L'affectif et le nutritif

   L'enfant a été jusqu'à ces jours traité à rebours de l'évolution qu'il annonçait. A peine dans le ventre de la mère, il reçoit, sur la gamme de fréquence des sensations premières, tous les échos que répercute, comme dans une vallée, l'orage qui naît de la difficulté d'aimer et de s'aimer au sein des couples. Angoisse, joie, crainte, irritation, indifférence, élans d'amour et de haine modulent sur le clavier de sa physiologie embryonnaire un rythme biologique qui pourrait bien décider de son implantation définitive ou de son expulsion prématurée.
   S'il franchit le cap de la fausse-couche, qui supplée si souvent à la carence d'un avortement volontaire, c'est que, entre sa mère et lui, se confirme un accord, un consensus que la science s'avise enfin de découvrir après avoir tout étudié de la mort.
   On s'est bien gardé jusqu'à présent de souligner l'importance que revêt pour l'enfant in utero le fait de recevoir simultanément et gratuitement la nourriture, l'amour et ce message à la fois mental et sensuel qui communique la sérénité et la confiance. C'est pourtant là un privilège que n'abolit pas la naissance, puisque le sein maternel continue à dispenser, avec les psalmodies de la tendresse, la force du lait et la douceur de l'affection.
   Cette manne terrestre, ces murmures caressants, ces odeurs génésiques, ces pensées quasi épidermiques, c'est la véritable fontaine de Jouvence, la source dont le jaillissement affermit la vie du jeune enfant plus sûrement que l'arsenal de la médecine la plus sophistiquée. Les amants le savent bien qui, au paroxysme de leur passion, s'y nourrissent d'amour et d'eau fraîche et redeviennent semblables à des tout-petits.
   Alors vient la rupture.
   Par une infortune qui en produit beaucoup d'autres, leur civilisation est ainsi agencée qu'elle sépare l'affectif et le nutritif ; qu'elle dissocie du même coup le langage originel qui soutenait leur union.
   A vrai dire, le contraire eût été surprenant. Il n'est pas pensable qu'une société dont l'existence se fonde sur le travail, producteur de marchandises, accorde un légal intérêt aux élans d'un amour offert naturellement et à la nécessité de se nourrir, sur quoi se règle le prix du blé et des hommes.
   L'affection se donne sans apprêts ; ce n'est pas sérieux. Le sérieux de l'âge adulte consiste à ôter la gratuité pour faire fructifier le profit, à tout rabattre dans le sillage de ce qui se paie, à commencer par le besoin de manger, de se mouvoir, de se loger, de s'exprimer, d'aimer.
   Aussi faut-il voir comme en quelques années le langage affectif de la mère et de l'enfant le cède au langage de l'efficacité, du rendement, de l'économie, un langage solidement structuré selon la logique aristotélicienne du «fais ceci, ne fais pas cela!» et qui, à l'inverse du premier, se plie parfaitement aux exigences pédagogiques de l'ordinateur.

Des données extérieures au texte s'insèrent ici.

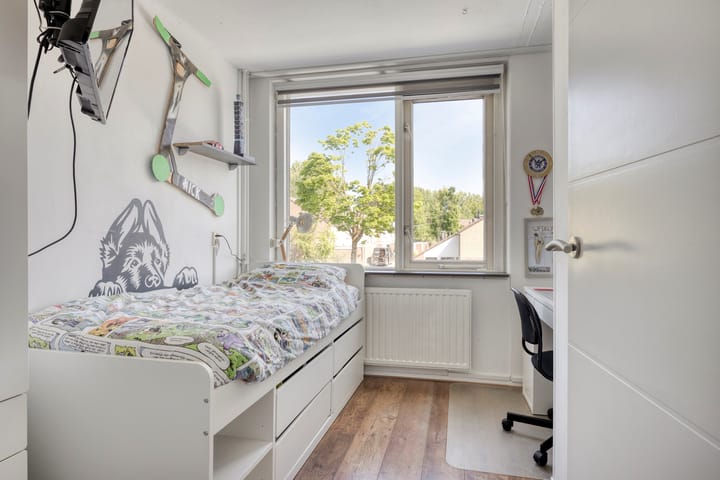 Foto 15 van Helmondstraat 3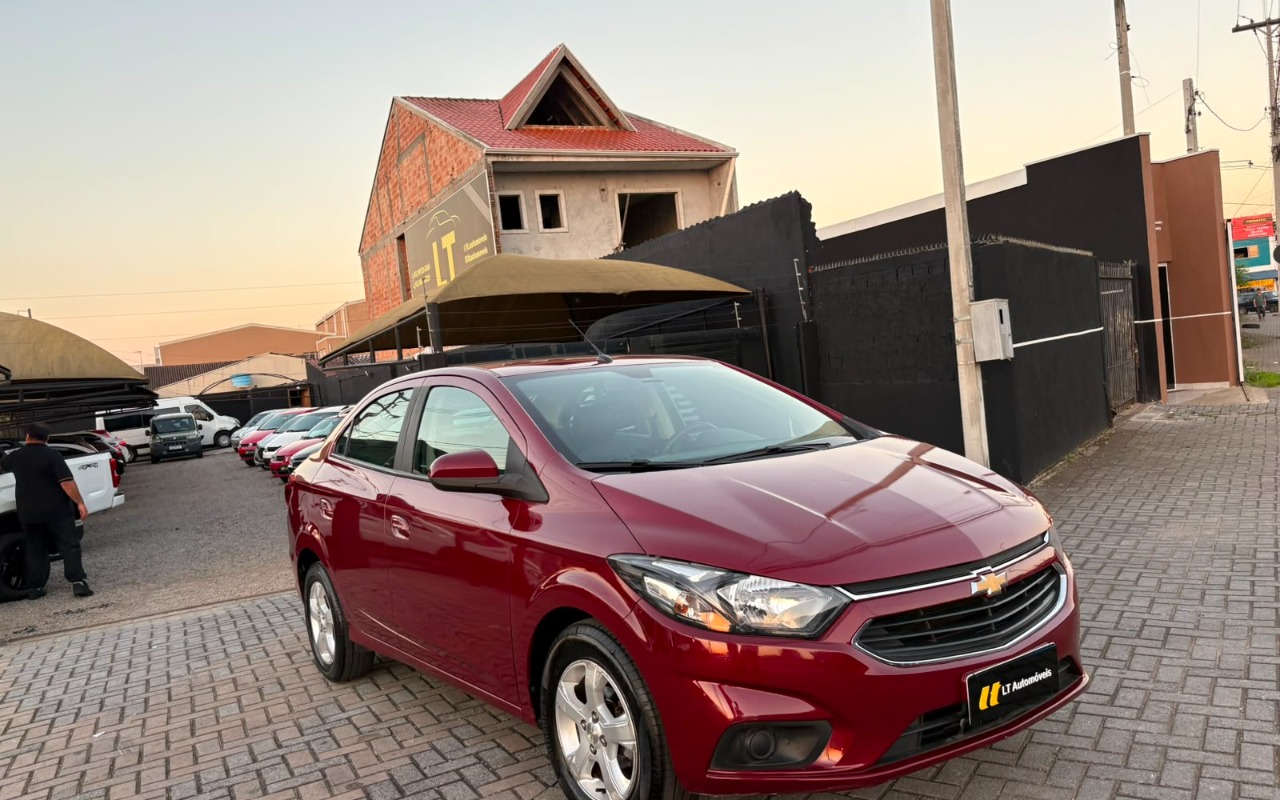imagem-https://www.socarrao.com.br/sc-vehicle-images-prod/3371791/1787341255539-V2hhdHNBcHAgSW1hZ2UgMjAyNi0wOC0xOSBhdCAxMS4yNi4zNSAoMSkuanBlZw.jpeg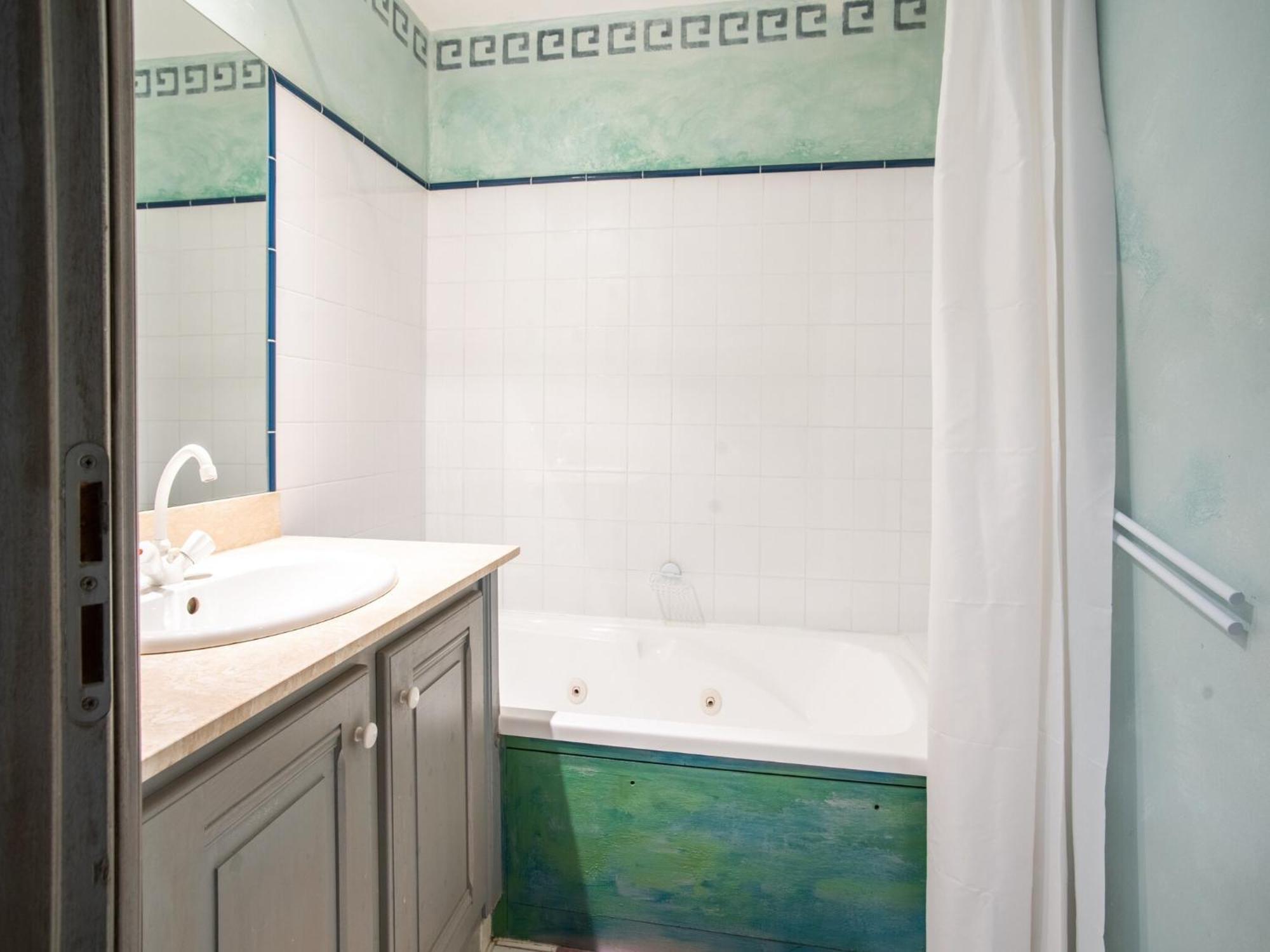 Cozy Apartment With Swimming Pool Terrace Garden Parking Montbrun-les-Bains Extérieur photo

Affection, nutrition, création

   La faculté de créer est le phénomène humain par excellence. Elle se forme avec le corps que le milieu foetal alimente à profusion. Elle donne au nouveau-né pouvoir de se développer en transformant l'environnement terrestre et, précisément, d'enrichir l'abondance originelle par la création d'une terre d'abondance où l'enfant apprenne à conquérir son autonomie d'homme à part entière.
   Le génie créatif participe d'une évolution naturelle que la civilisation du travail a dénaturée. Vie et création sont inséparables. C'est l'une et l'autre que refoule et épuise le système d'exploitation de la nature et de la nature humaine, qui fonde l'ère économique.
   Le couperet éducatif a séparé la jouissance affective et la satisfaction des besoins primaires. Le corps à corps de la femme et de l'enfant n'a pas poussé plus en avant une relation où la souveraineté de l'amour enseigna l'art de se créer en créant son indépendance. La communication a été interrompue, l'alchimie a tourné court, la troisième mutation n'a pas eu lieu. Ce n'est plus la vie qui fait office de nourrice mais la mort. La destinée se déroule comme un film à l'envers. Tel est le cauchemar ordinaire dont ils s'étonnent de s'éveiller encore en de rares instants de vie.

   Comment l'être humain naîtrait-il alors que l'enfant se foetalise dans l'adulte et l'adulte dans l'enfant ?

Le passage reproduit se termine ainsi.